This guide explains how to import index data from BigQuery into
Vector Search with the ImportIndex API, streamlining
the process of populating Vector Search indexes directly from
your BigQuery tables that contain vector embeddings.
Preparing BigQuery data for import
Before importing index data, your BigQuery table must have the following columns:
- Unique identifiers: This column contains unique identifiers for each data point. It is mapped to the - idfield in Vector Search.
- Vector embeddings: This column contains the vector embeddings, represented as a repeated - FLOATfield. It is mapped to the embedding field in Vector Search.
Optionally, you can include the following columns:
- Restricts: These are columns for string and numeric restricts, which lets you filter your data during searches. 
- Metadata: These are columns of metadata to be returned with Vector Search index query results. 
Preparing Vector Search index for import
Once you've prepared your BigQuery data, ensure the destination Vector Search index:
- Exists in Vector Search within your project: This index serves as the destination for your imported data. The index must be created within your project. 
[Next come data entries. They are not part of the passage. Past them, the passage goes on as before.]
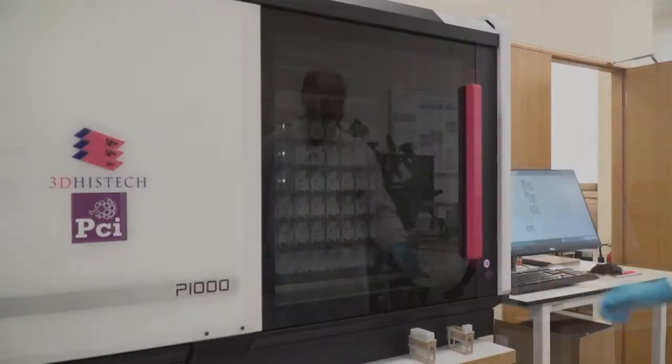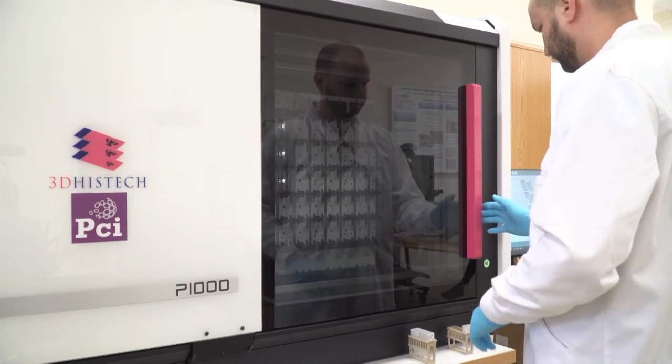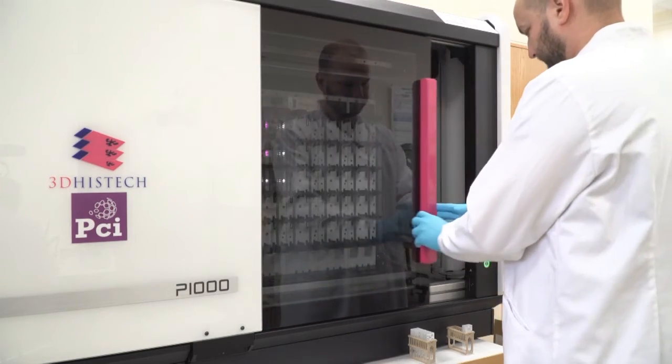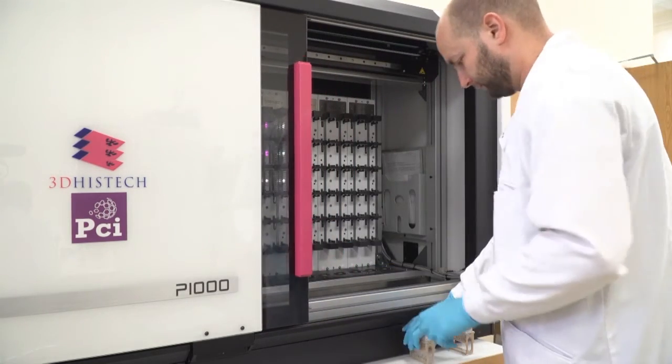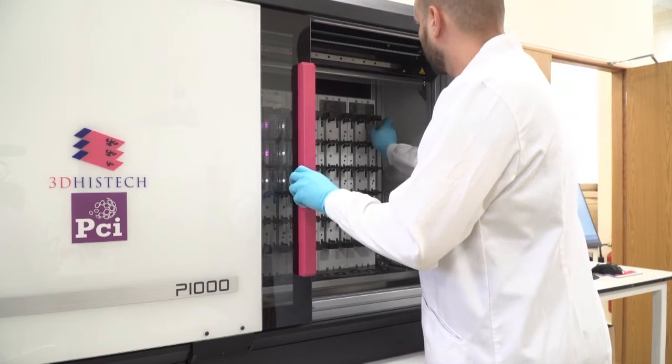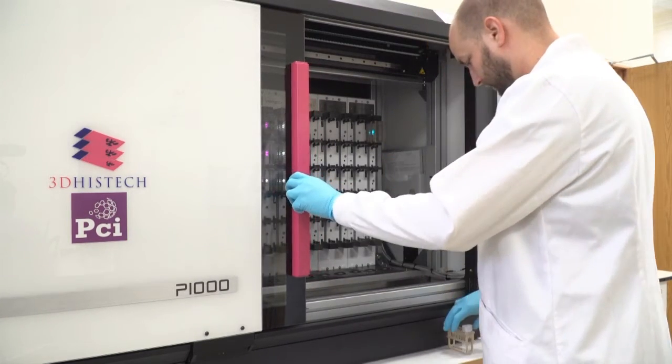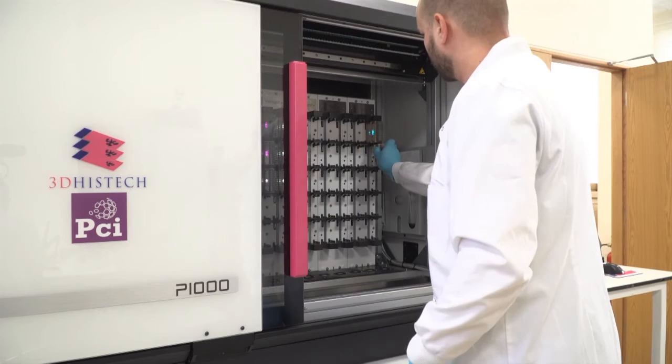To load a slide, we just push this button on the front. When it turns green, we open up the sliding door. The slides go into a Sakura rack, and in this case, they go in very easily.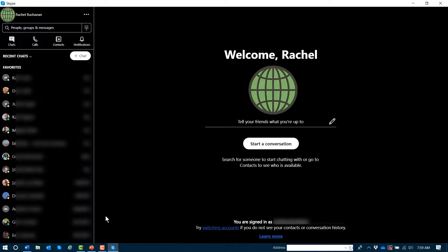If you've attended our trainings before, you probably know that we don't promote memorizing long lists of keyboard commands. However, there are two commands within Skype that I highly recommend you commit to memory.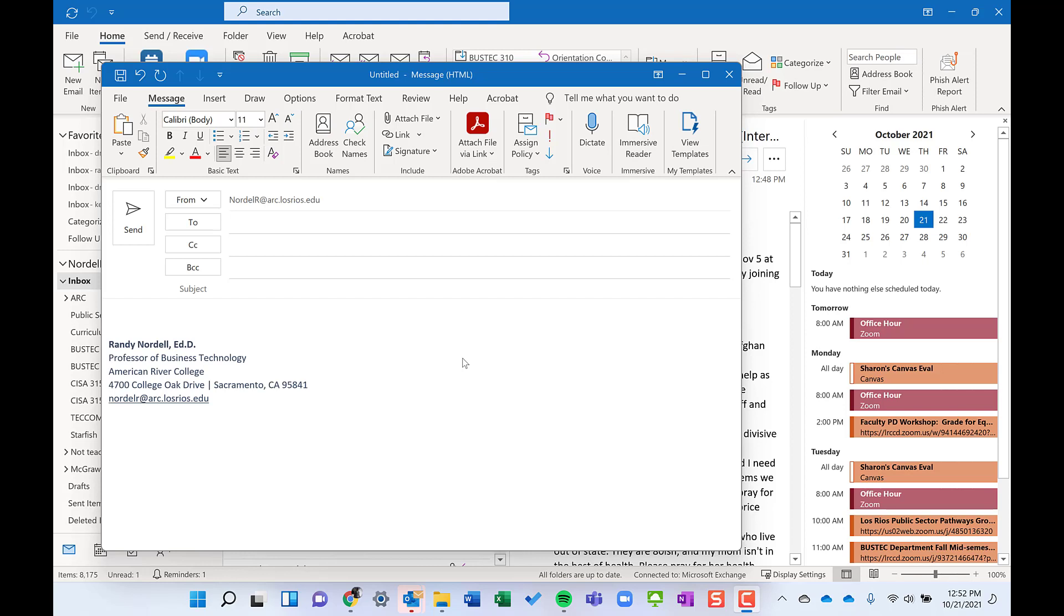I think signatures are probably one of the most underused features in Outlook. The way I use them, way more than I use them for my name, is for common responses. When I get a common question for the second or third or fourth time from students or colleagues or professors, I'll just go back to my sent items, find my response, paste it into an email, and customize it, proofread it, and then make a signature out of it.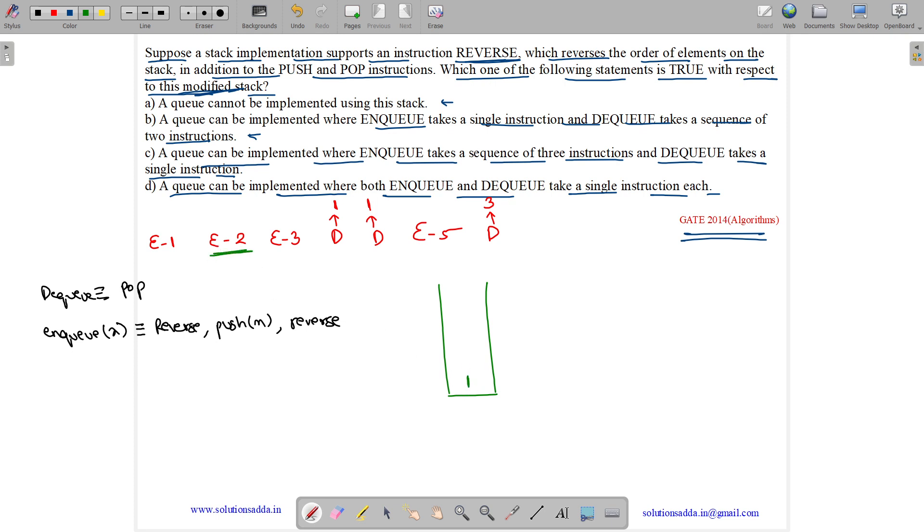Now, ENQ of 2. So, first reverse. 1 reverse is 1 only. Then, push our item. Then, again reverse. So, reversing 1 and 2 will give us 2 and 1.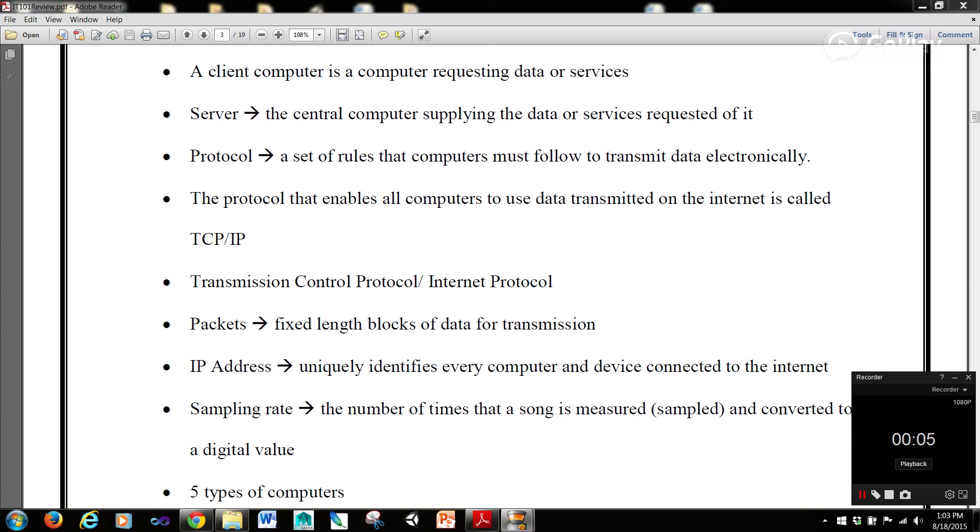A client computer is a computer requesting data or services. The server is the central computer supplying the data or services requested of it.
- Is set to overwrite or append data: During the import process, you have the option to either overwrite the existing data within your Vector Search index or append the data imported from BigQuery. Overwriting replaces the current data points with the imported data. Appending adds the new data to the existing index. 
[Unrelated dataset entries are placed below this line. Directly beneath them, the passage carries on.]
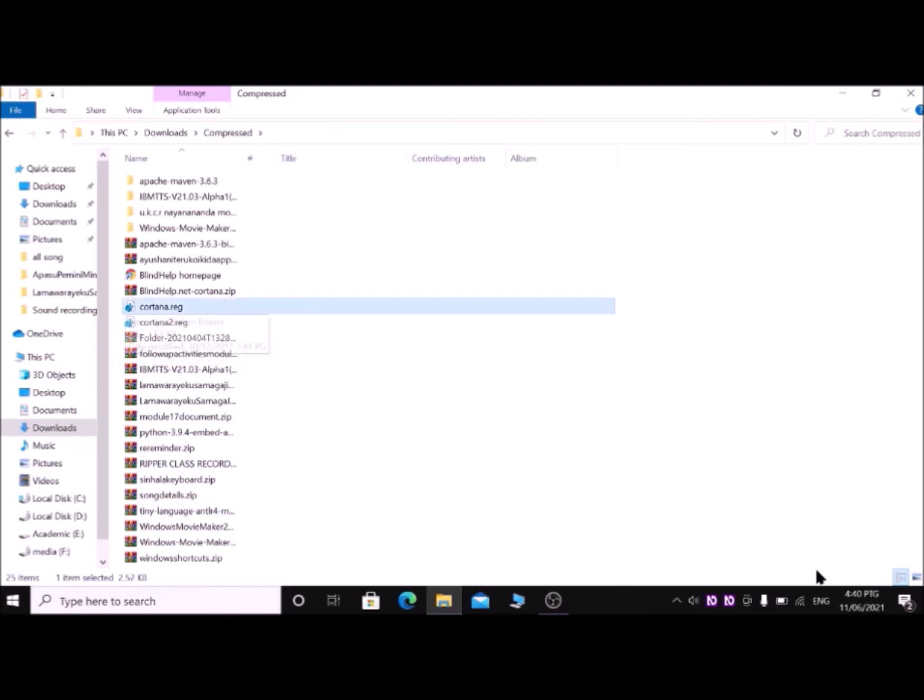Like this, this one. The first one, Cortana REG. You have to install these two files. For that, go to the file and hit Enter key. Then a warning message comes. Tab till OK button, then press Enter key.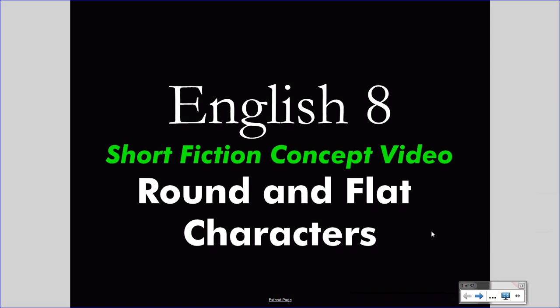Welcome to your English 8 concept video. This video takes the place of your class lecture, saving class time for valuable discussion. Treat this video as you would a class lecture — pay attention carefully and take notes. If you wish, pause the video or rewind it to understand something you missed. Bring questions to class.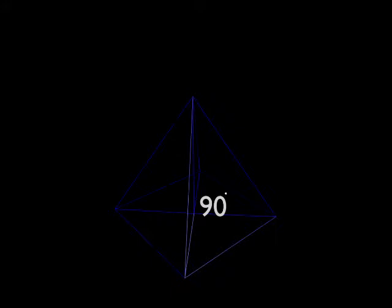A pyramid is a solid with a flat base and other faces that make a point. A right pyramid has a point directly above the center of its base, while an oblique pyramid has a point that is not centered.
- Matches dimensionality: The dimensionality of the embeddings stored in your BigQuery data must be identical to the dimensionality configured for your Vector Search index. 
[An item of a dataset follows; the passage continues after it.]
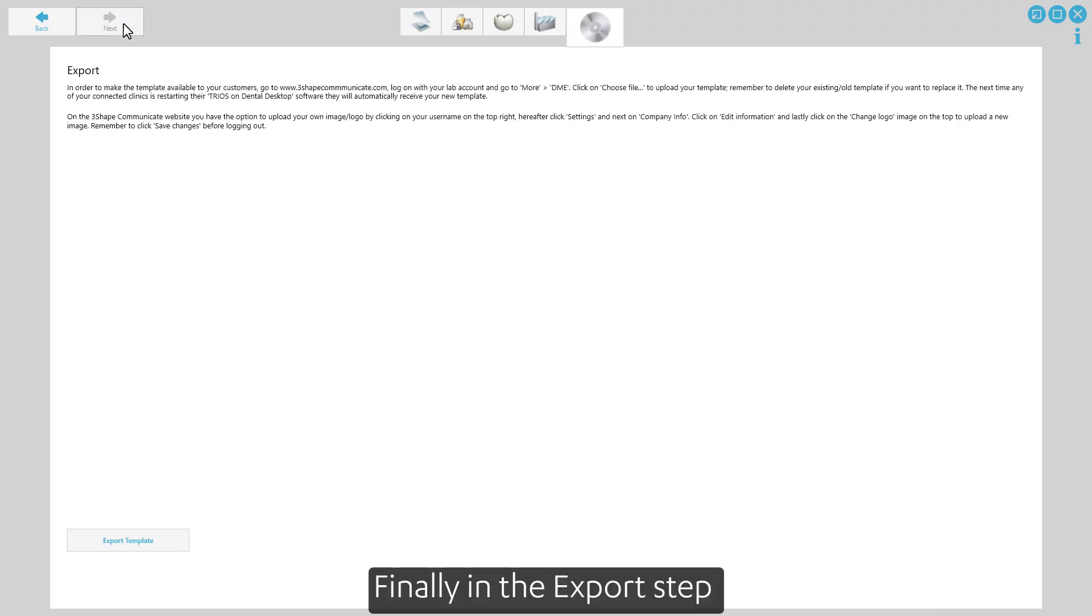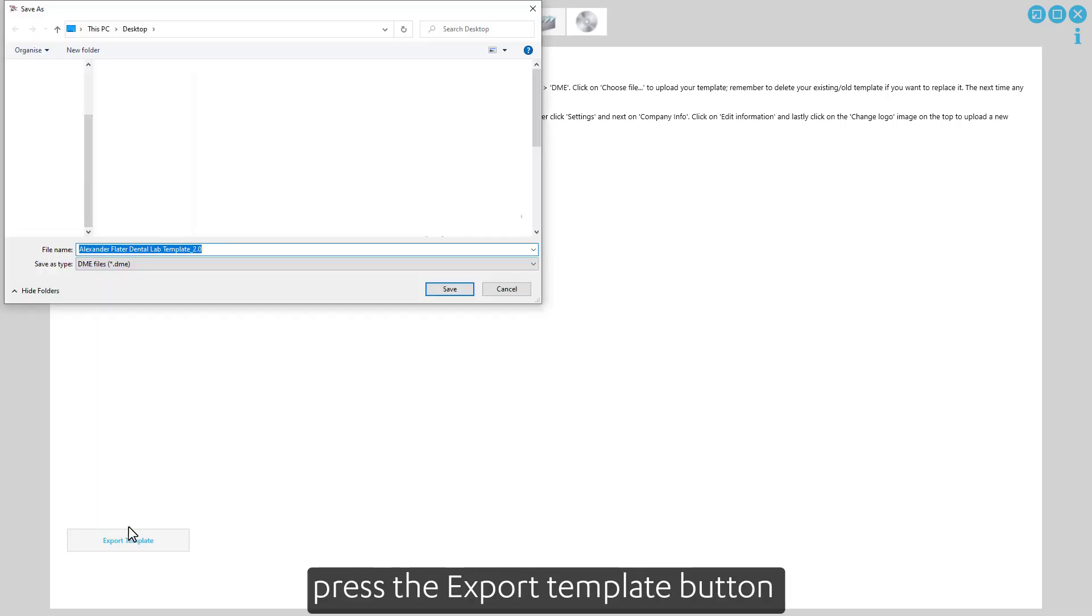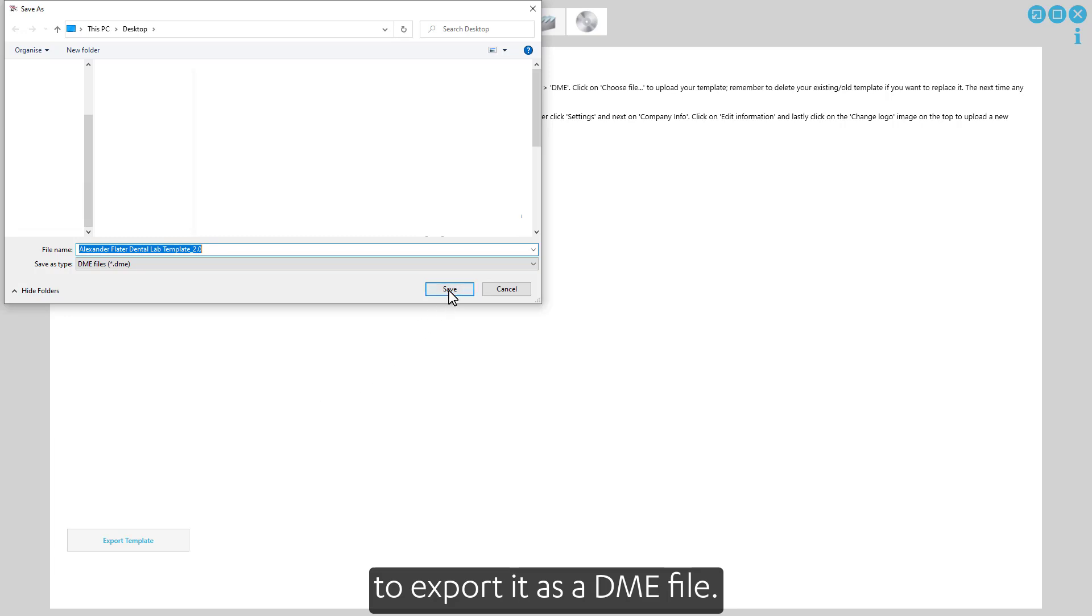Finally, in the export step, when the template is ready, press the Export Template button to export it as a DME file.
Specifying the ImportIndexRequest
Before importing data from BigQuery, create an
ImportIndexRequest object that specifies the target index, whether to
overwrite existing data, and the configuration for connecting to
BigQuery. Send this request object to the ImportIndex
API.
The following is an example of an ImportIndexRequest in JSON format:
{
  "name": "projects/[PROJECT_ID]/locations/[LOCATION]/indexes/[INDEX_ID]",
  "isCompleteOverwrite": true,
  "config": {
    "bigQuerySourceConfig": {
      "tablePath": "bq://[PROJECT_ID].[DATASET_ID].[TABLE_ID]",
      "datapointFieldMapping": {
        "idColumn": "[ID_COLUMN_NAME]",
        "embeddingColumn": "[EMBEDDING_COLUMN_NAME]",
        "restricts": [
          {
            "namespace": "[RESTRICT_NAMESPACE]",
            "allowColumn": ["[RESTRICT_ALLOW_COLUMN_NAME]"],
            "denyColumn": ["[RESTRICT_DENY_COLUMN_NAME]"]
          }
        ],
        "numericRestricts": [
          {
            "namespace": "[RESTRICT_NAMESPACE]",
            "valueColumn": "[RESTRICT_VALUE_COLUMN_NAME]",
            "valueType": "INT"
          }
        ],
        "metadataColumns": ["METADATA_COLUMN1", "METADATA_COLUMN2", ...]
      }
    }
  }
}
- name: The full resource name of the Vector Search index where you want to import the data.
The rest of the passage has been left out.